Wilfrid Sellars, Idealism, and Realism

Wilfrid Sellars, Idealism, and Realism PDF Author: Patrick Reider
Publisher: Bloomsbury Publishing
ISBN: 1474238955
Category : Philosophy
Languages : en
Pages : 208

Book Description
Wilfrid Sellars, Idealism, and Realism is the first study of its kind to address a range of realist and idealist views inspired by psychological nominalism. Bringing together premier analytic realists and distinguished defenders of German idealism, it reveals why psychological nominalism is one of the most important theories of the mind to come out the 20th century. The theory, first put forward by Wilfrid Sellars, argues that language is the only means by which humans can learn the types of socially shared practices that permit rationality.

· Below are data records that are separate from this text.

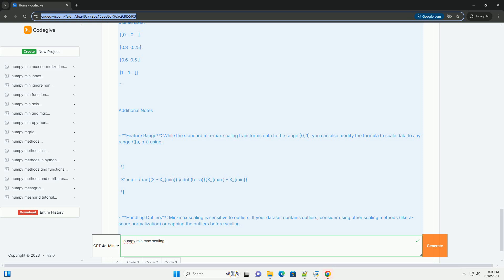Third, transform the data by replacing the original values with their scaled counterparts. NumPy provides an efficient way to perform min-max scaling using vectorized operations. Here's how you can implement it.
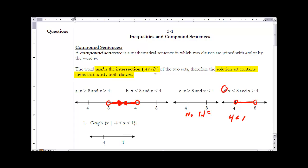We write it as: 4 is less than x and x is less than 8. What's nice about that is if we put the small number on the left and the big number on the right, we can see that x represents the values that are between those two numbers.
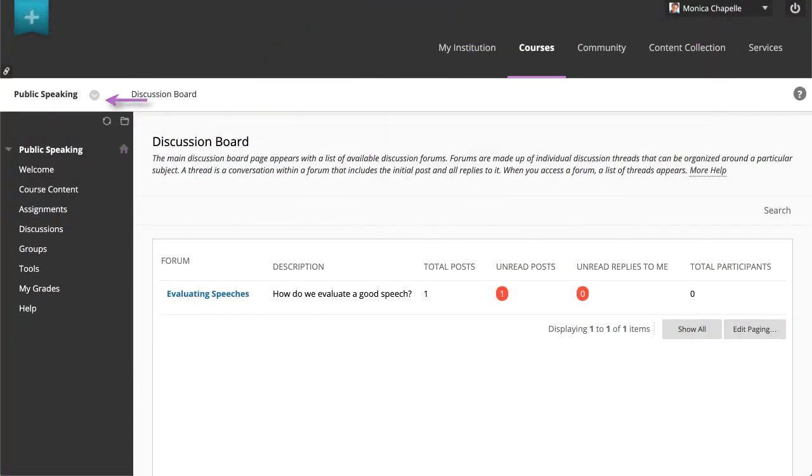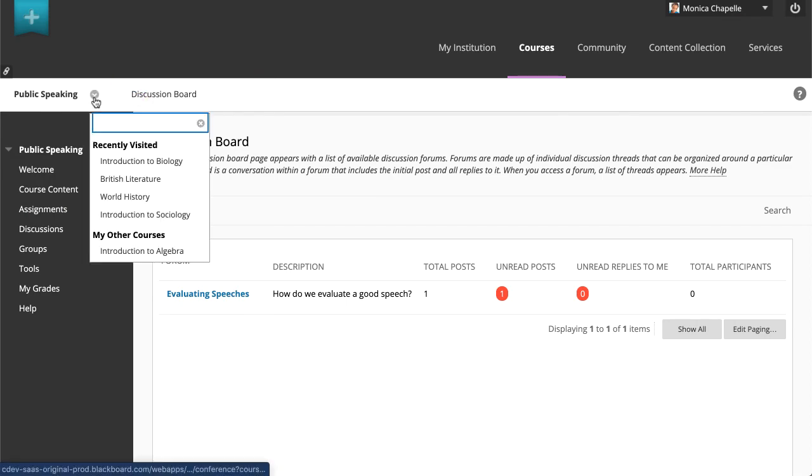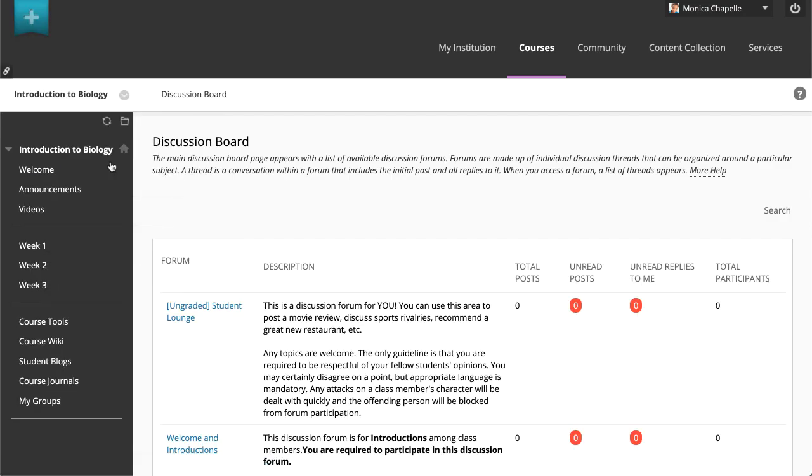To switch to another course, select the arrow next to the course title and select another course from the list. The course you selected appears.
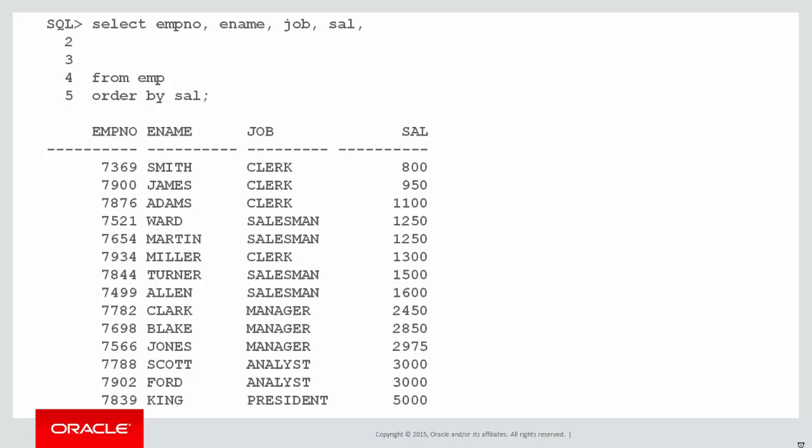Let's look at an example. This time rather than the hiring sequence we're going to look at people in terms of the order of their salary. You can see we've got the data here presented in order of salary from lowest to highest. We've got some ties. Ward and Martin both get the same salary of $1,250 and Scott and Ford also have the same salary of $3,000.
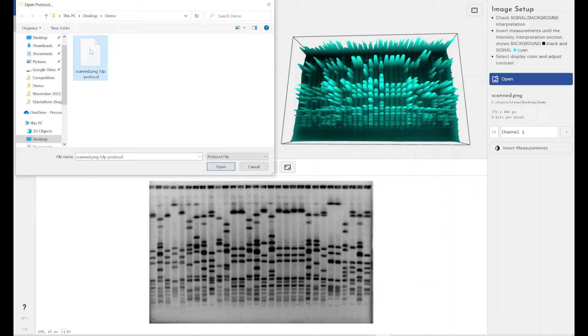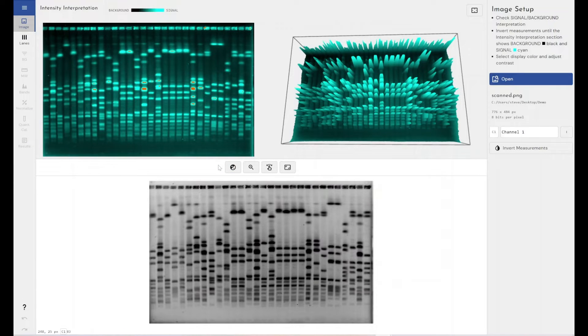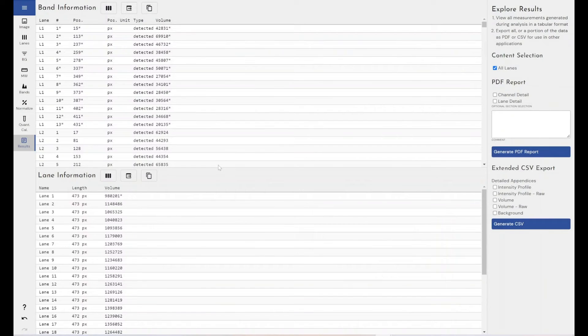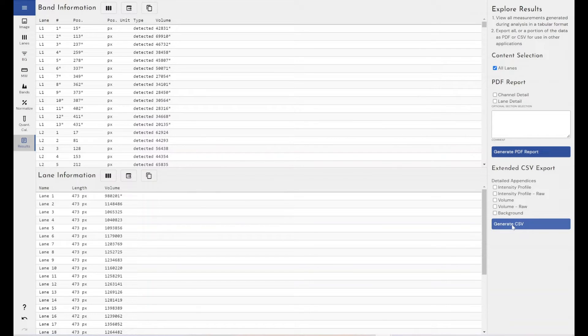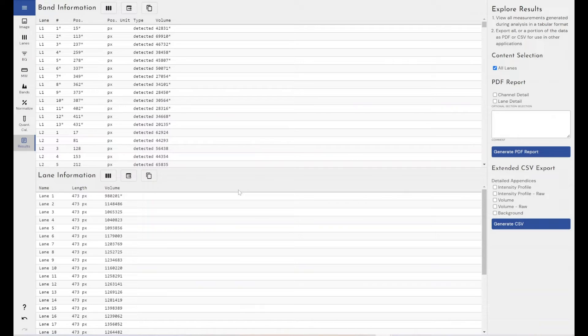And then I've got my protocol file here that I've preset up. Click on open and it takes me straight to the results section of this analyzed gel or blot, from where I can generate my PDF report or generate my CSV and take this data to another program or to do something else with it.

Although wedded to important aspects of German idealism, Sellars' theory is couched in bold realist terms of the analytic tradition. Those who are sympathetic to German idealism find this realist's appropriation of German idealism problematic. Wilfrid Sellars, Idealism and Realism thus creates a rare venue for realists and idealists to debate the epistemic outcome of the mental processes they both claim are essential to experience. Their resulting discussion bridges the gap between analytic and continental philosophy. In providing original and accessible chapters on psychological nominalism, this volume raises themes that intersect with numerous disciplines: the philosophy of mind, philosophy of language, epistemology, and metaphysics. It also provides clarity on arguably the best available account of why humans can reason, be self-aware, know, and act as agents.